Innovación tecnológica e Inteligencia Artificial

La transformación digital ha llegado a las consultas y hospitales, y el código ético no ha querido quedarse atrás. Se introducen competencias digitales específicas para el uso de dispositivos y un modelo de atención telemática que garantice la misma calidad que la presencial.

La gran novedad es la integración de la Inteligencia Artificial (IA) en la práctica clínica. El código establece que el uso de estas herramientas debe ser ético y supervisado, asegurando que la tecnología sea un complemento y nunca un sustituto del juicio profesional y el contacto humano. Además, se regula por primera vez el comportamiento y la imagen profesional en redes sociales, un campo donde la ética y la privacidad a menudo se ven comprometidas.

Seguridad, investigación y responsabilidad profesional

La seguridad del paciente se consagra como un deber deontológico ineludible. El código prescribe cómo actuar ante incidentes y eventos adversos y cómo gestionar el riesgo asistencial de manera proactiva.

En el ámbito de la investigación, se exige que los cuidados estén basados en la evidencia científica y se regula de forma estricta la divulgación de resultados. Otros aspectos clave que refuerzan la integridad de la profesión son el conflicto de intereses, intrusismo laboral o objeción de conciencia.

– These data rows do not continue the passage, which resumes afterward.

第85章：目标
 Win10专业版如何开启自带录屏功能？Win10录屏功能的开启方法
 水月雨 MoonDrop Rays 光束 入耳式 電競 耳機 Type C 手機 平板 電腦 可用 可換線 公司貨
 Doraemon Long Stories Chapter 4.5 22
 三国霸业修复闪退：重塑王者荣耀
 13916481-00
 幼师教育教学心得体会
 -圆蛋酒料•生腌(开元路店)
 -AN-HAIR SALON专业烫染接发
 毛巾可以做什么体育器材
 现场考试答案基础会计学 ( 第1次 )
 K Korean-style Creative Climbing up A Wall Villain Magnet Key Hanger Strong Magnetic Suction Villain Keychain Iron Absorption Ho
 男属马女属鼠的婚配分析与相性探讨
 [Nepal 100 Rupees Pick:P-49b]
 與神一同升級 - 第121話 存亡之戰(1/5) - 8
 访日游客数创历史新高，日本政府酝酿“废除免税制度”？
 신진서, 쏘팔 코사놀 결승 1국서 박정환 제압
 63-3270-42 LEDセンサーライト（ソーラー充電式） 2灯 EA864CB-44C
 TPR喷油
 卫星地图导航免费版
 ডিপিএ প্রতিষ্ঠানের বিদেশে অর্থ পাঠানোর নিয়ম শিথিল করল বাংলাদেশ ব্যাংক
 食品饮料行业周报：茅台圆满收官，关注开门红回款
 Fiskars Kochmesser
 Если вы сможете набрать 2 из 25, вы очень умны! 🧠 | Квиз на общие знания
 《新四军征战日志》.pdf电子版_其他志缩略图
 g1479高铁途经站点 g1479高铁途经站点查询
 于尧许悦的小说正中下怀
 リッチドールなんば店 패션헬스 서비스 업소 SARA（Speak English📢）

El nuevo texto incluye un área dedicada a la Cooperación al Desarrollo y la Enfermería Transcultural, reconociendo la diversidad de las poblaciones atendidas. En situaciones de catástrofe y emergencia, se establece la obligación de asegurar una distribución equitativa de los recursos y el deber de la enfermera de asumir el liderazgo si es el profesional más cualificado en el lugar.

Finalmente, el código abraza la responsabilidad ambiental. Las enfermeras se comprometen con el desarrollo sostenible y la optimización de recursos, vinculando la salud de las personas con la salud del planeta (One Health).

Un compromiso con la excelencia

La entrada en vigor de este Código Ético y Deontológico supone un antes y un después para la sanidad española. Como señala el preámbulo del texto, el objetivo final es alcanzar la excelencia en el ejercicio profesional mediante un cuidado digno, eficaz y eficiente.

Las enfermeras españolas cuentan ahora con la herramienta más avanzada de Europa para navegar por los complejos dilemas éticos de nuestro tiempo. Desde la gestión sanitaria y la formulación de políticas de salud hasta la mentoría de estudiantes y la atención en el domicilio, cada acto enfermero queda ahora respaldado por un compromiso ético renovado y adaptado a la realidad del siglo XXI.